Monopoly, Cluedo, Holocaust the board game?

Players pack yellow figures into a train, unaware that it’s bound for a death camp.

By Jessica Elgot, October 28, 2010
Shock: the trains and the figures players use to send people to death camps

Shock: the trains and the figures players use to send people to death camps

A video-games designer has created a disturbing board game to teach players difficult lessons about complicity in the Holocaust.

Brenda Brathwaite, the creative director of Lolapps in San Francisco, is exhibiting her board game "Train" at US exhibitions and universities.

And now she is planning to demonstrate it in the UK next year.

The game is simple: players put human-shaped yellow figures into train carriages without realising until later that they are sending them to death camps.

She explained: "I was trying to figure out a way to show people how you can be complicit in a destructive system. That's all a game is, it's a system of rules. I never actually call it a 'game' – it's not enjoyable, you don't play it more than once.

"But when humans do something unspeakable to other humans, there is a system there too. Players have to feel like they made the decisions that sent those people to the camp.

"In this game, if you realise what's going on, you can break the system and save the people. It's more challenging, but plenty of people didn't go along with the rules in Nazi Germany."

Only one copy of the game exists, made up of three miniature but historically-accurate railway lines and carriages - which contain yellow people. The doors of the carriages are just wide enough to fit the figures inside, making players force their people into the trains.

Ms Brathwaite, who has worked on video games including Dungeons and Dragons, says seeing the game played is still difficult for her.

"It makes me sick every time a little person goes in that carriage, it literally turns my stomach."
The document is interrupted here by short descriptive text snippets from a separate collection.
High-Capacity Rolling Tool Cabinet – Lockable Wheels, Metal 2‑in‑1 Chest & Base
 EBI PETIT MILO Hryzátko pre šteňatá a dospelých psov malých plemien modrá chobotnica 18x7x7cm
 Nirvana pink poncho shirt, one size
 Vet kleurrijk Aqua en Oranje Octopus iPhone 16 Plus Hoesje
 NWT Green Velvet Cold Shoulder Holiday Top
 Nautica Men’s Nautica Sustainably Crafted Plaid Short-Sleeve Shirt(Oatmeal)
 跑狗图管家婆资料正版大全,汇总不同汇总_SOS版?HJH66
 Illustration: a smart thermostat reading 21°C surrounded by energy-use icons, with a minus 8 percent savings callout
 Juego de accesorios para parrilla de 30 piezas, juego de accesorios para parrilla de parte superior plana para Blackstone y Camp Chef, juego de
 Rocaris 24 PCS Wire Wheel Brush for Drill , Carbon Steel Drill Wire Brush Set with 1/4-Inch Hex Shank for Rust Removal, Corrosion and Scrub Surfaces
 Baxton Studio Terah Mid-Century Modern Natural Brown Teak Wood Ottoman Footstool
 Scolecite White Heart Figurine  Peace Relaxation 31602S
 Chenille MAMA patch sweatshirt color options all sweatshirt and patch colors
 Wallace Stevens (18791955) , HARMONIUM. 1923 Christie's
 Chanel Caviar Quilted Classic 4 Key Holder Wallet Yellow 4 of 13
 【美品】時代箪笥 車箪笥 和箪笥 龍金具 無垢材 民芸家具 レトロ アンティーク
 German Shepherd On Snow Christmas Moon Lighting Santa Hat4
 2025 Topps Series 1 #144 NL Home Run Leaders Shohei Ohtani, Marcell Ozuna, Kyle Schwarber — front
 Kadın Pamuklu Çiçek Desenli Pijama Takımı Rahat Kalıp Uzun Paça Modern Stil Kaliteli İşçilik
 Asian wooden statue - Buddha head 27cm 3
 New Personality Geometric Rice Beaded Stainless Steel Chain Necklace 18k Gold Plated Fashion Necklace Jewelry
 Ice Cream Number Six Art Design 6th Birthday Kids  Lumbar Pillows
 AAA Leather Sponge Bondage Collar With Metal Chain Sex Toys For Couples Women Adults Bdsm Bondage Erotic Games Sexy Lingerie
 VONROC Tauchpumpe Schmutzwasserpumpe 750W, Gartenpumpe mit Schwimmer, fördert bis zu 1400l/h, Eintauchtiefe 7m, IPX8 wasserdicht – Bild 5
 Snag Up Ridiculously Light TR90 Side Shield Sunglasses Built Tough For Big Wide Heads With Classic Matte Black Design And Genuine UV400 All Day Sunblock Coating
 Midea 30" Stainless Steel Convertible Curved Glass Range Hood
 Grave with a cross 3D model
Players control a train and move it along the tracks, picking up cards which describe obstacles preventing it reaching its destination - and players interpret the scenarios on the cards.

Ms Brathwaite said: "For example, when the train derails, what happens to the people? Do you blindly follow the rules? Or do you let them escape?"

A card at the end of the track reveals that the people have arrived at one of the death camps.

She added: "To me, it's blindingly obvious it's a game about the Holocaust, and most Jewish people know instantly. But many don't make the connection with the imagery and that's astounding to me, seeing as the Holocaust happened not long ago."

Train has won the Vanguard Award at Indiecade, a video games festival for "pushing the boundaries of game design".

It features in the latest edition of GamesTM magazine. One Jewish reader, Joel Waxman, from Borehamwood, said: "I'm going to cancel my subscription. You don't play a game about the Holocaust. It's tasteless."

Only once has a person not been deeply affected when they realised the game's objective, Ms Brathwaite said.

"It was utterly shocking, she picked up the card and it was Dachau. She unloaded her little people and put her train at the beginning of the track. I asked her, and she knew it was a concentration camp, and she said, 'It's just like a video game I know'. Her two co-players were just astounded. She came back later and said she felt embarrassed.

"The most powerful response was from a friend's rabbi, Rabbi Arnold Belzer, in Savannah, Georgia. He talked to me for about two hours, he wanted to know everything.

"At the end, much to my surprise he gave it a blessing as a work of Torah. I'll never do something that means that much again. I'm not planning on making money from the game. I don't want to put 15 million trains in boxes and sell them."

"However, there have been many requests for me to bring it to the UK, and I'll probably do that next year."